Per fare in modo che non ne venga dimenticata nessuna, la società Artful Events Collective, guidata dal curatore Manu De Ross, ha ideato la mostra The World of Banksy – The immersive experience, che riproduce 120 opere dell’artista direttamente dai muri, ed è in esposizione a Napoli all’Arena Flegrea della Mostra d’Oltremare fino al 4 maggio 2025, per la prima volta in Italia dopo aver fatto tappa a Barcellona, Milano, Parigi, Praga, Bruxelles, Lisbona, Budapest, Cracovia e Dubai, attirando oltre 2 milioni di visitatori.
«Per ricreare le opere abbiamo lavorato su fotografie degli originali», spiega De Ross che così ridona vita a pezzi simbolo del percorso dello street-artist, come Steve Jobs nel campo profughi di Calais, l’immagine dei due agenti di polizia che si baciano, la bambina vietnamita mano nella mano con Topolino e Reagan, il Napoleone velato in groppa al suo cavallo bianco.
Per farle sembrare ancora più originali, le riproduzioni sono poste su porzioni di muri e vicoli, con tanto di polvere sui marciapiedi.
Il percorso espositivo, che comincia e termina con la Madonna con la pistola, la prima opera italiana di Banksy, ancora oggi perfettamente conservata in una teca lungo via dei tribunali nel centro storico di Napoli, ripercorre tutti in conflitti da cui è stato ed è corrotto il mondo.

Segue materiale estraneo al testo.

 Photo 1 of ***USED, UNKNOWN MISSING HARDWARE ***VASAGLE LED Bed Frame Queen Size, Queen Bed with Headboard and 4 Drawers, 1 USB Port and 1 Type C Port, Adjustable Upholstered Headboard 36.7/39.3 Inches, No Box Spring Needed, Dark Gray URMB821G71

Nessuno è dispensato: dall’Europa agli Stati Uniti, dal genocidio in Palestina alla guerra in Ucraina, fino all’iconica frase “There’s an elephant in the room, there’s a problem that we never talk about”, per denunciare la fame in Africa.

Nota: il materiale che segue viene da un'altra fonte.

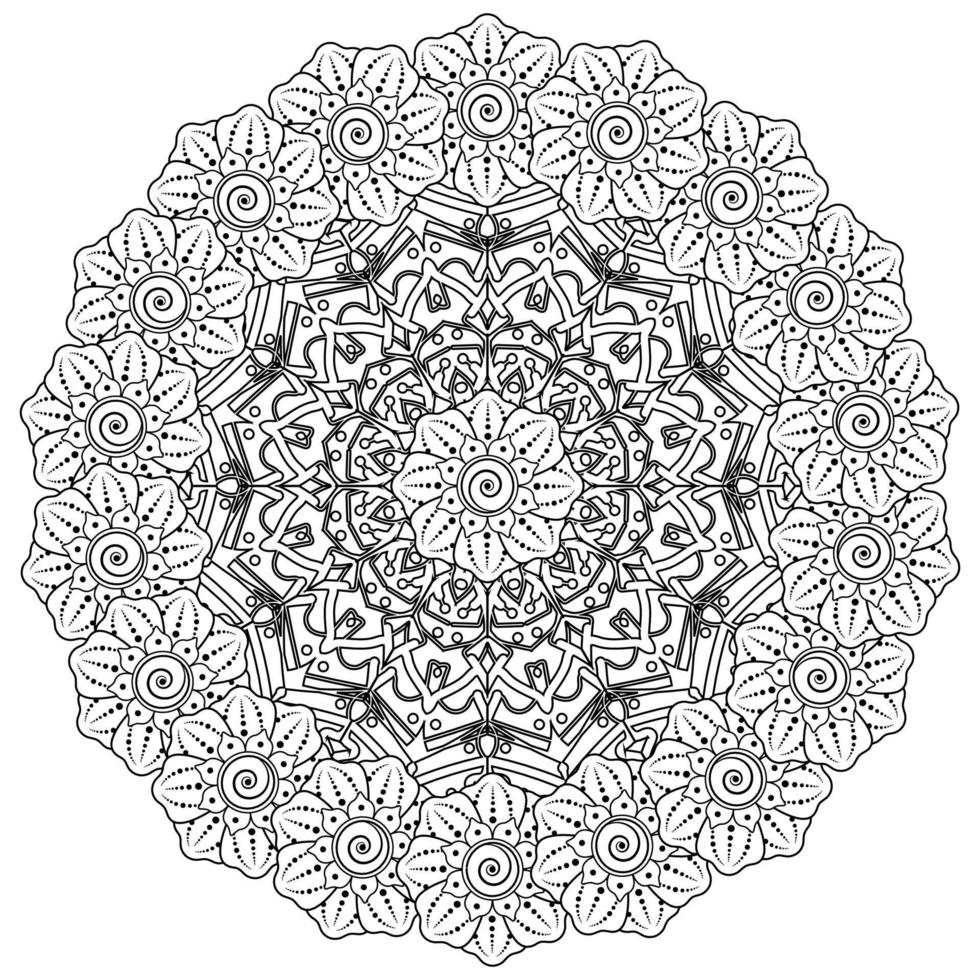 Circular pattern in the form of mandala with flower for henna, mehndi, tattoo, decoration. vector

A completare l’esposizione, i video che testimoniano l’impegno politico di Banksy: dai suoi diversi interventi in Ucraina, alla sua nave salva-migranti, la Louise Michel, che naviga le acque del mediterraneo marchiata dalla bomboletta dell’artista.

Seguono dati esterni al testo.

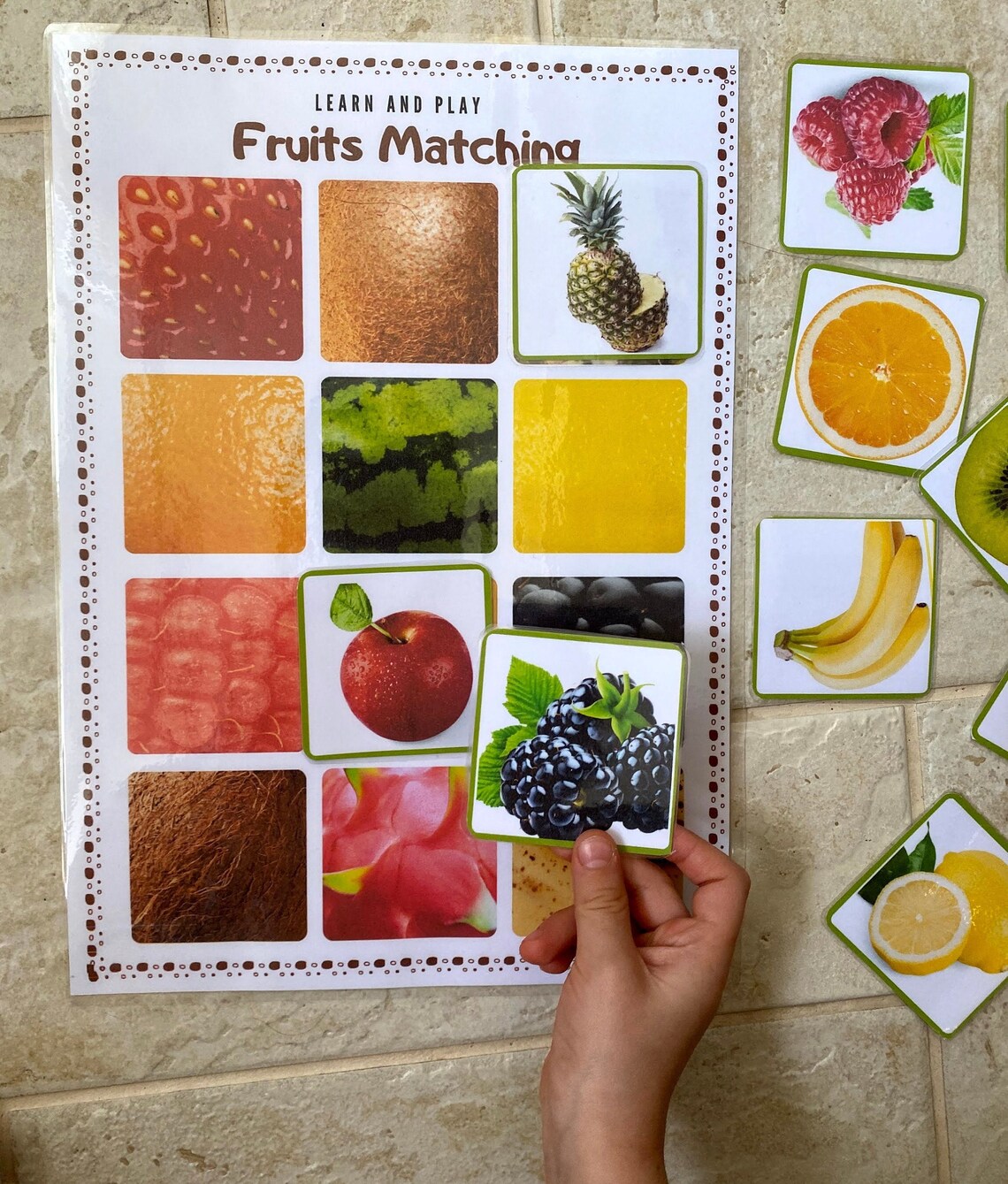 Fruits and Vegetables Matching Game Printable Homeschool Etsy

«Lui sostiene che le sue opere siano tanto quotate, ma spesso dona i proventi della vendita a sistemi sanitari pubblici – conclude il curatore – e per quanto non abbiamo idea se lui sia mai venuto a visitare la mostra in una delle sue tappe, sappiamo che è a conoscenza dell’esposizione in qualche modo siamo con la coscienza a posto, perché non tradiamo il suo messaggio, oltretutto così come non ha mai autorizzato l’utilizzo delle sue opere non ne ha neanche mai negato il permesso».